%%

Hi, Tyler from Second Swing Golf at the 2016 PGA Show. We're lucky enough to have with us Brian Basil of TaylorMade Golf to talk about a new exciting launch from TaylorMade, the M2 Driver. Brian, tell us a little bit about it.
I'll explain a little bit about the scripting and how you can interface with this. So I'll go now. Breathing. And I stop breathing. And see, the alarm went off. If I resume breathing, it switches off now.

%%
%%

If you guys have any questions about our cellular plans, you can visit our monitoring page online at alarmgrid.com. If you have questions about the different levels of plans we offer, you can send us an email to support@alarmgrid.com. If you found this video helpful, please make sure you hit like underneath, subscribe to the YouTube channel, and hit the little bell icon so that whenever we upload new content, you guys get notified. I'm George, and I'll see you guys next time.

%%

Requirement >> Within the data above, the lines from the one with "Hi, Tyler from" to the one with "I'll explain a" must be repeated exactly; no other line belongs in the answer.

Answer for the task >>
Hi, Tyler from Second Swing Golf at the 2016 PGA Show. We're lucky enough to have with us Brian Basil of TaylorMade Golf to talk about a new exciting launch from TaylorMade, the M2 Driver. Brian, tell us a little bit about it.
I'll explain a little bit about the scripting and how you can interface with this. So I'll go now. Breathing. And I stop breathing. And see, the alarm went off. If I resume breathing, it switches off now.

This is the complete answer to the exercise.